The audit actually three audits in one was taken over by Mr. Hatchett's office after KSU's accounting firm, PricewaterhouseCoopers, or PWC, quit. A massive embezzlement had been discovered on top of already-terrible record keeping, and PWC faced the unsettling prospect of having to render a disclaimer a statement that no reliable opinion of the university's finances was possible.
Comedy of errors
Accounting firms avoid a disclaimer at all cost because, perhaps perversely, it reflects badly on them. The torch was passed to Mr. Hatchett's office, which dutifully issued disclaimers for all three parts of the audit financial statement, internal controls and administration of federal funds.
In a sense, the audit laid out an expensive comedy of errors and omissions.
The university claimed to have fixed assets land, buildings, furniture and equipment worth $116 million. But there was no documentation for that figure because there was no inventory. Or rather, there was no longer an inventory.
An inventory had at one time been stored on a stand-alone computer. There was no backup, so the record was lost when the computer crashed in 1997.
Proper record keeping is essential for safeguarding property against loss or theft, the auditors pointed out. KSU could not protect what it did not know it had.

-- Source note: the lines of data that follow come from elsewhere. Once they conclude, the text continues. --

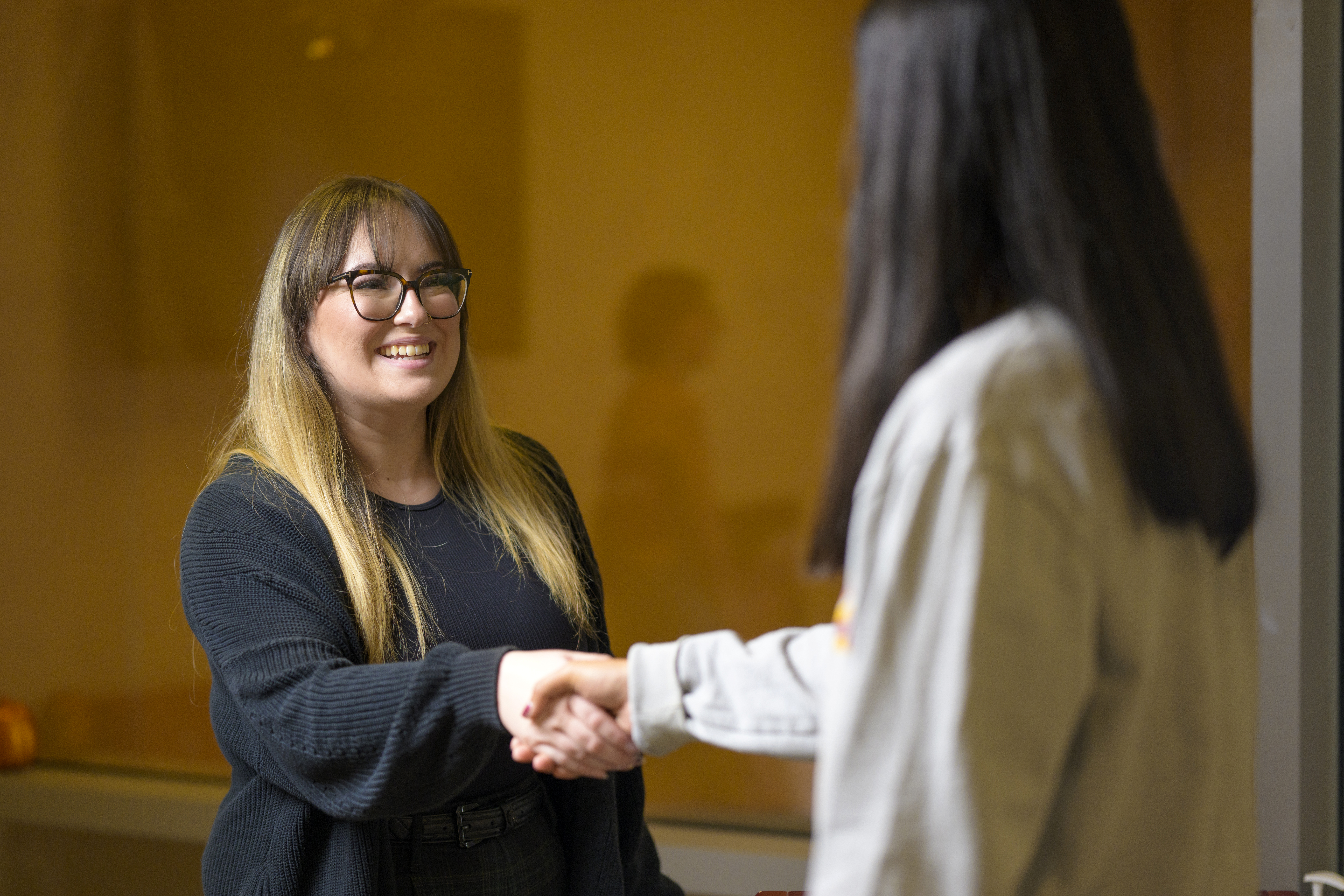 Two students shaking hands. 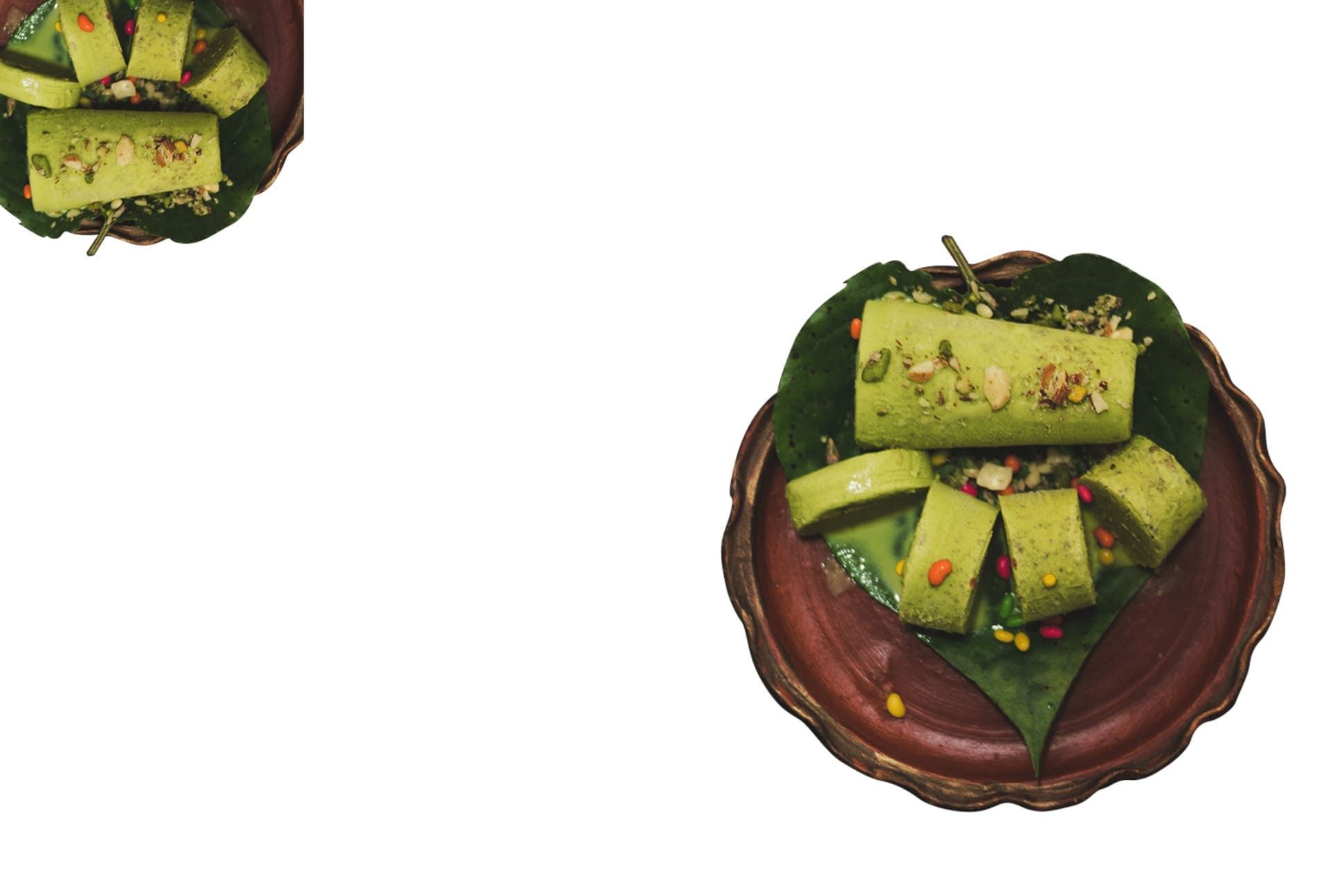 Slices of pistachio kulfi on a wooden dish beside dark red fruit kulfi arranged on a black plate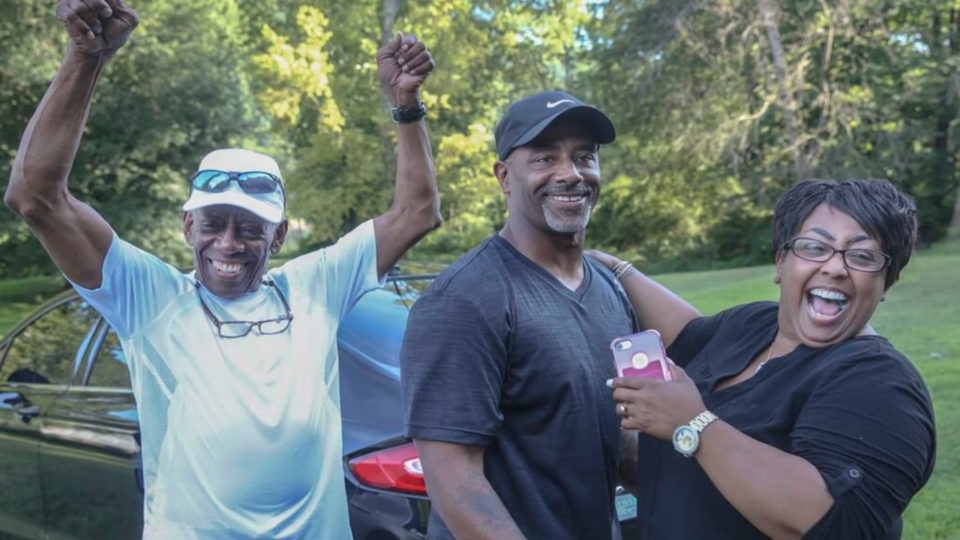 Chester Holman III with his father and sister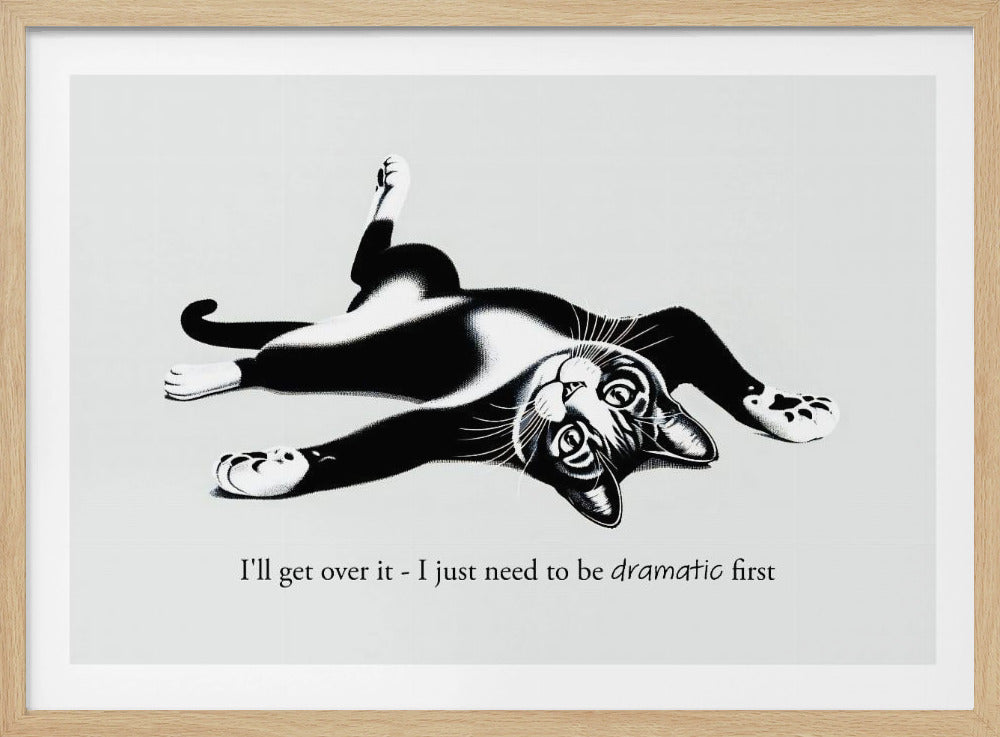 A framed black and white illustration of a tuxedo cat lying playfully on its back. Below the image is the text, 'I'll get over it - I just need to be dramatic first'. Artwork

The internal accounting staff was neither adequate nor knowledgeable, a condition made worse by the fact that no one seemed to be in charge, much less minding the store.
Reasonable care
The most obvious evidence of that was the case of Janice Phillips, who was hired as a secretary in the accounting office in 1997. In a 10-month period, she managed to steal $845,000 money that was supposed to be paid to various KSU vendors.
Her single most ambitious pilfer was $196,000 that was owed to the university's food service contractor, a branch of Marriott. Big companies tend to notice when such bills don't get paid. The contractor came looking for its money, and Ms. Phillips was caught.
The auditors concluded she was able to steal simply because the university had left itself wide open to fraud and was not particularly choosy about whom it hired.
In other words, Ms. Phillips may have been a criminal, but she was no criminal mastermind. She didn't have to be.
As part of its corrective action plan, the university pledged to the auditor's office that reasonable care will be taken that key personnel have high standards of integrity, as well as competence.
Audits not enough
KSU's response also noted that employees have been trained to perform bank account reconciliations, which now are being done promptly each month instead of being allowed to pile up, as before.
In the absence of an adequate, knowledgeable accounting staff, KSU relied on audits to detect errors in its financial statement somewhat akin to using a smoke detector as a kitchen timer. Management erroneously considers independent auditors to be part of its financial statement preparation process, the audit said.
In its response, KSU pointed to the hiring of Ms. Long, Mr. Moncrief and a chief financial officer, William Pennell.
Charles Wolfe is a statehouse reporter for The Associated Press.